The appellant also refers to the detail of his evidence as to what occurred on the evening of 12 November 2016, as to which the Judge said:
Even though he was not interviewed by the police until 14 February 2018, the accused purported to be certain about detail such as asking the complainant to get only one marshmallow packet, not asking her to get any bread and only giving her $20. On his account, there was no reason for this evening to be memorable.
The appellant complains that he did not give that evidence and it was not put to him in cross-examination that he had no particular reason to remember those aspects. The appellant gave explicit evidence in chief that he asked the complainant to buy marshmallows and not bread, only gave her $20 and she came back with only one bag of marshmallows. He gave categorical evidence it cross-examination denying that he asked the complainant to buy bread, denying that he asked the complainant to buy more than one bag of marshmallows and denying that he gave her $100 or any more than $20. It was explicitly put to him in cross-examination that he had made up these details to bolster his false denials after he read the witness statements by the appellant referring to being given $100, being asked to buy multiple bags of marshmallows and bread and buying multiple bags of marshmallows. In the circumstances, it was open to the Judge to characterise the appellant’s evidence as she did and there is no inadequacy of reasons.

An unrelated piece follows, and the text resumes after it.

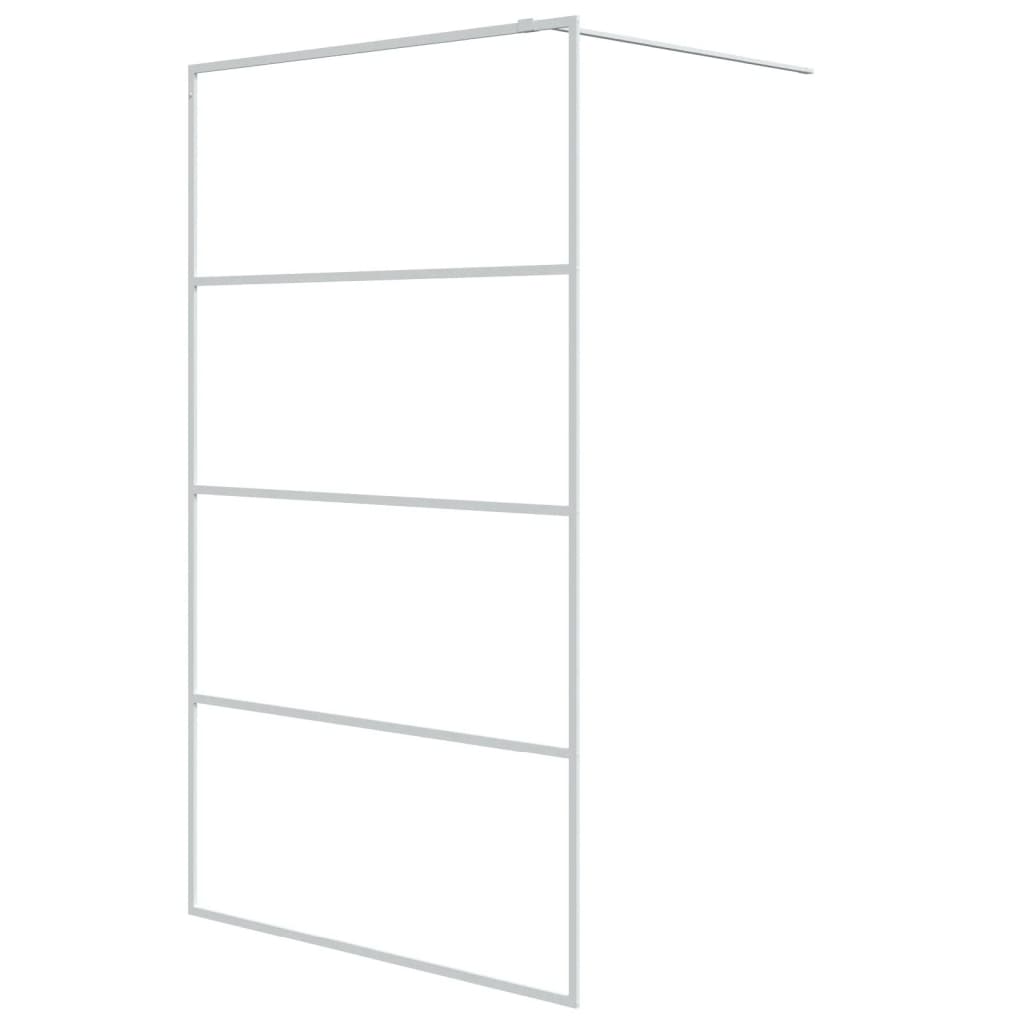 Vidaxl walk-in brusevæg 115x195 cm Gennemsigtig ESG Glass White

Apart from these specific complaints, the appellant makes a general contention that the Judge’s reasons lack identification of the linking process by which the Judge acknowledged weaknesses and discrepancies in the prosecution evidence but nevertheless found that the prosecution had discharged the onus of proof in relation to the complainant’s evidence. Considered holistically, the Judge’s reasons are not inadequate in that respect.
The third ground of appeal is not established.

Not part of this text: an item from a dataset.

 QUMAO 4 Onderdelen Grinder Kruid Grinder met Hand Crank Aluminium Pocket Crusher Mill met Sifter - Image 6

Verdict unreasonable or incapable of being supported having regard to the evidence
The fourth ground of appeal is that the verdicts are unreasonable or incapable of being supported having regard to the evidence.

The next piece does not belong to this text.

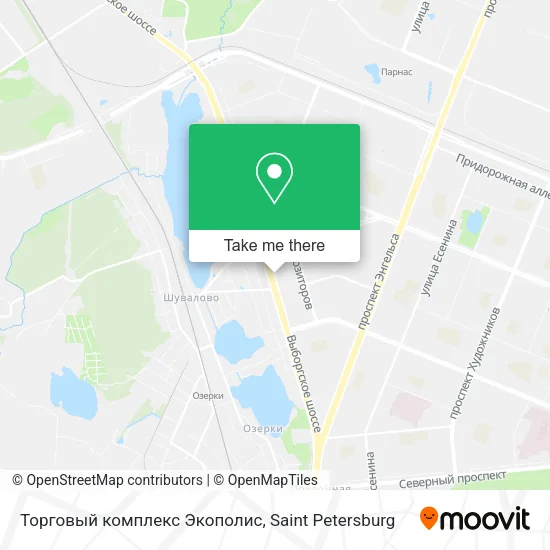 Торговый комплекс Экополис map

The appellant’s contentions in respect of this ground of appeal largely reiterate and rely upon his having established the contentions made in respect of the first, second and third grounds of appeal. For the reasons given above, those contentions are not established.
When considering whether a verdict is unreasonable or incapable of being supported having regard to the evidence, it is necessary for an appellate court to undertake an independent review of the evidence to determine whether it was open to the trier of fact to be satisfied of guilt beyond reasonable doubt. In M v The Queen[35] Mason CJ, Deane, Dawson and Toohey JJ said:
The question is one of fact which the court must decide by making its own independent
assessment of the evidence and determining whether, notwithstanding that there is evidence upon which a jury might convict, "none the less it would be dangerous in all
the circumstances to allow the verdict of guilty to stand”.…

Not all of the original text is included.